Still, it’s a big world, and it’s good if you can to experience some of it.
ggm
Some of this is "with age comes wisdom" but some of this is ageless. I travelled extensively for work before covid for over 20 years and thought I'd welcome it back post covid but I now find it a mixed blessing. Perhaps I'm half way down the ladder the OP has climbed off.
NoWordsKotoba
Yes, age does tend to make many want to root - and perhaps that is part of wisdom at play.
nofalsescotsman
I love traveling, but rarely alone, and always with a purpose. I find aimless traveling just for the sake of saying I've been somewhere more exhausting than exhilarating. If I'm going to the Netherlands it's to visit some ancestral villages. If I'm going to Japan it's because I have a deep fascination with Kabuki and Noh. But I too love having a place to call home, with people in my community who are familiar with me.
cadamsdotcom
It helps to look at where & why the author has settled: thanks to tech like Zoom (that really came into its own around Covid) one can be physically settled in a place and also participate in global markets and global conversations.

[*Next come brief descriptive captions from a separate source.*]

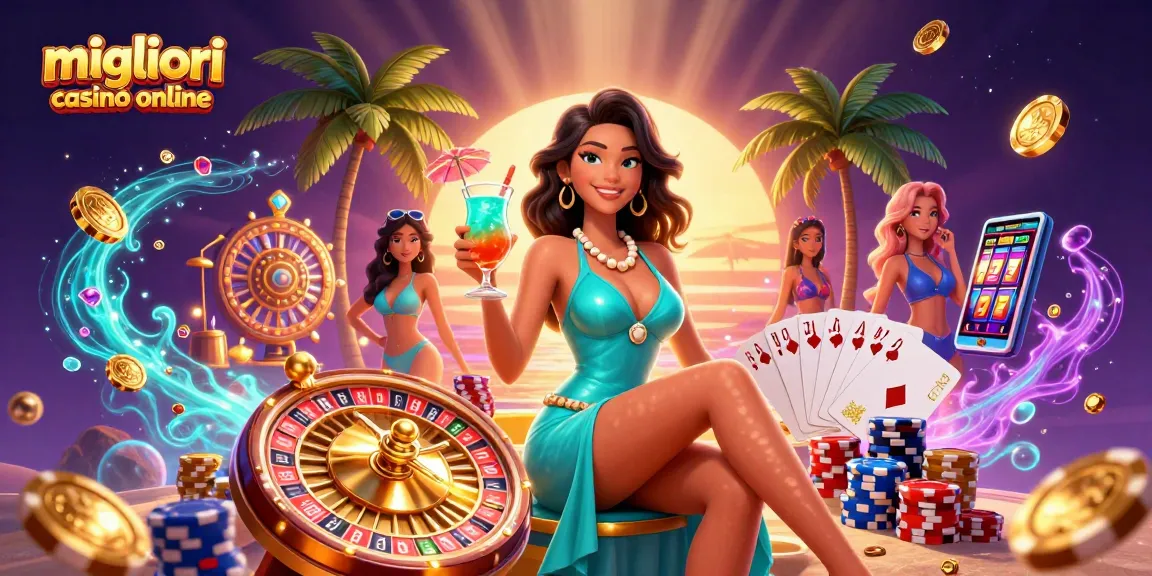 Interagisci con i migliori casinò online che presentano un cocktail glamour immerso in dinamici elementi di gioco.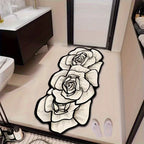 Decorative Floral-Patterned Bath Mat | Kelmera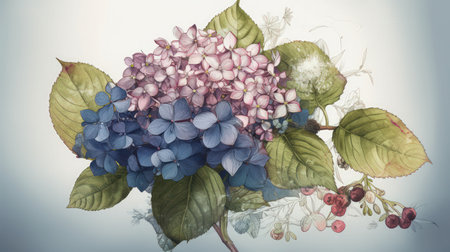 Add elegance and sophistication to your project with this beautiful and unique flower illustration Perfect for any creative endeavorの素材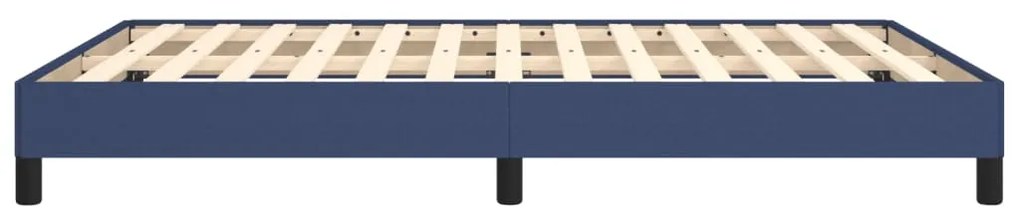 Estrutura de cama sem colchão 140x190 cm tecido azul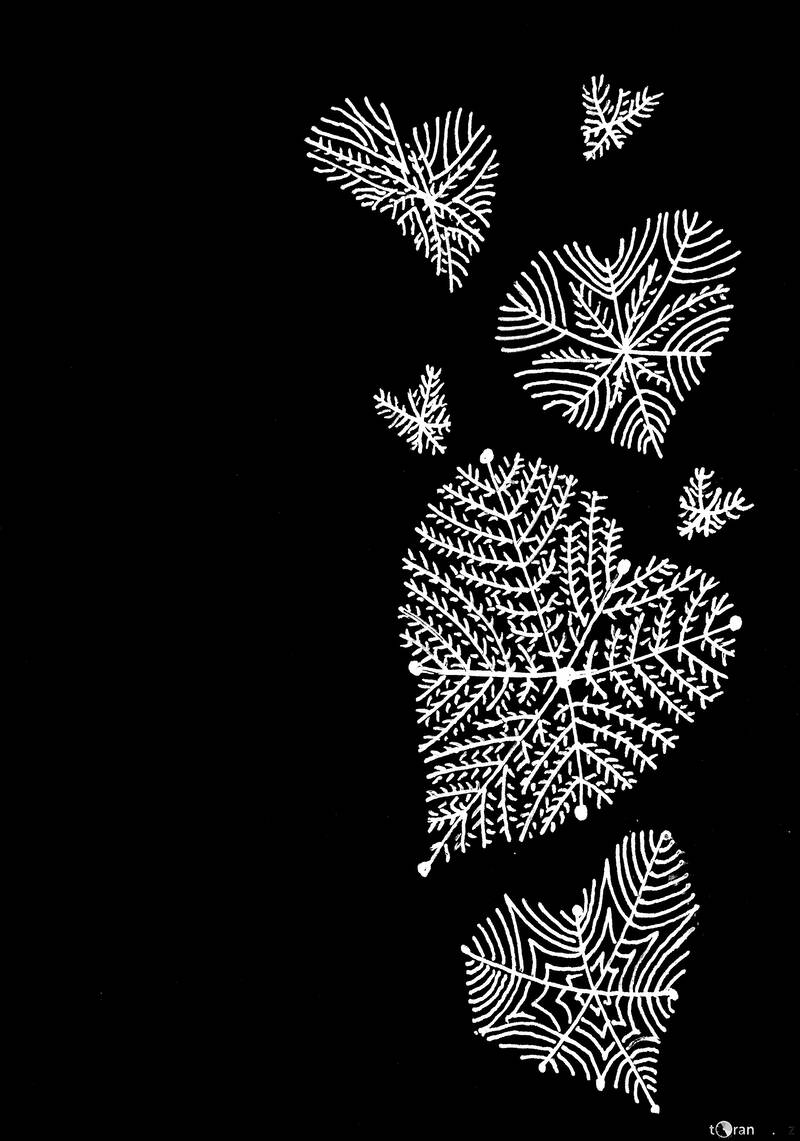 Hearts white snowflake clipart №56182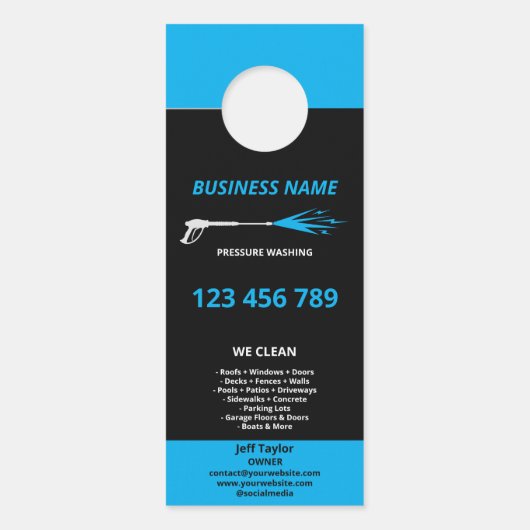 Wasmachine voor professionele druk deurhanger (Voorkant)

Good for fomo and good for anyone looking to design a life; why not live in a place that enriches your body! Wherever you live, you can now find work that connects and enriches your mind. Your designed life provides so much of what you seek from travel but also community: getting to say hello to the same people each day for years.
thowawatp302
My traveling taught me that people are the same everywhere, but now that I know that, I no longer want to to travel just travel.
It’s more of a reminder of that
After 35, you don't like traveling but boy do you like 'Vacationing'.
Author is right, after you travel (and slum it a bit) you realize that after surface level cultural/food/history differences everyone kinda/sorta wants similar things in life and while people's life stories are interesting, you start noticing patterns.
OTOH, (Caveat:I don't have enough money for this) there is nothing that recharges you more than first class tickets somewhere beautiful and getting pampered in a resort. People (esp in their 20's) poo poo this. Rightly so, you should be experiencing the "real culture". But me, I've done that already, I'm gonna sit in the Four Seasons.
P.S: Another thing I'd suggest the author try is fitness trips! Big Hikes, marathons, surfing competitions? Nothing speedruns cultural competency like doing a really difficult thing somewhere new. Get Travel insurance.